> Assigned task
Return every line from the one with "417 E 8 Mile" through the one with "No.30 Handmade Beaded", inclusive, exactly as it appears below.

Caption-style text data

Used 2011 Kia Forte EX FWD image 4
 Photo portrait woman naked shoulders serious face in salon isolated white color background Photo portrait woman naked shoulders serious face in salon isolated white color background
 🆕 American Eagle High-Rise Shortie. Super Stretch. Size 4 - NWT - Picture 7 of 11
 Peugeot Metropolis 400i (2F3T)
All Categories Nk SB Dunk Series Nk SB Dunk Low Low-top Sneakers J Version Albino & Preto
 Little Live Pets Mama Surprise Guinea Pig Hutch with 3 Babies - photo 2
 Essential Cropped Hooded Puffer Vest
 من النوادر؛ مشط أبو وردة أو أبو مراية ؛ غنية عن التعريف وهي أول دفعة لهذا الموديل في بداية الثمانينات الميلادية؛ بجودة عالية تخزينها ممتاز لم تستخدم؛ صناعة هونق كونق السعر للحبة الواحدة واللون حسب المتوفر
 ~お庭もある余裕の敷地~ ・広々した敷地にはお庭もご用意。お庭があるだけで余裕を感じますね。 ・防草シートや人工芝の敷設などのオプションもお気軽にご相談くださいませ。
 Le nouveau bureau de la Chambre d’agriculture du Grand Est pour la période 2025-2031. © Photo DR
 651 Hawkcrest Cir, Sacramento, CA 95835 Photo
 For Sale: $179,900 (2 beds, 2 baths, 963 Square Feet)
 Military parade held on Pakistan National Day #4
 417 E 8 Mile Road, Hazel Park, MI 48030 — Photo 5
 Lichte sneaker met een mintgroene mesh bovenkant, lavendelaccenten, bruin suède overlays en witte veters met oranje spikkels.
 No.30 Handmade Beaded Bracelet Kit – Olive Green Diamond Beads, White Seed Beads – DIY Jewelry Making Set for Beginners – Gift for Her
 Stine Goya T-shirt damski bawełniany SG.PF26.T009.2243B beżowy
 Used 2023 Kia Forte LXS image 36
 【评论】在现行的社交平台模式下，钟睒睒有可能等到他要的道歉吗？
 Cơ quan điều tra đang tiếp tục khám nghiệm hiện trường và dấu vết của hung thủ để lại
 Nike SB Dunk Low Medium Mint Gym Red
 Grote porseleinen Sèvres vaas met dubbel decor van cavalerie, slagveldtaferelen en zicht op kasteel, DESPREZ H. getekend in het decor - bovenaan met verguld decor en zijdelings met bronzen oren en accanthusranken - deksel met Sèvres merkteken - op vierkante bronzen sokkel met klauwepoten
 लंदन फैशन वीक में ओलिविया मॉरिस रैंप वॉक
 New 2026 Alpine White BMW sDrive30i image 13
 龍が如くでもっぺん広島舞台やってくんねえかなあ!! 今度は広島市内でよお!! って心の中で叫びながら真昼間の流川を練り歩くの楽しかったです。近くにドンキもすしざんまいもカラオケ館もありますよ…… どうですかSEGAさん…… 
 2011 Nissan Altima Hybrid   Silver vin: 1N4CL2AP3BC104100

> Output below
 417 E 8 Mile Road, Hazel Park, MI 48030 — Photo 5
 Lichte sneaker met een mintgroene mesh bovenkant, lavendelaccenten, bruin suède overlays en witte veters met oranje spikkels.
 No.30 Handmade Beaded Bracelet Kit – Olive Green Diamond Beads, White Seed Beads – DIY Jewelry Making Set for Beginners – Gift for Her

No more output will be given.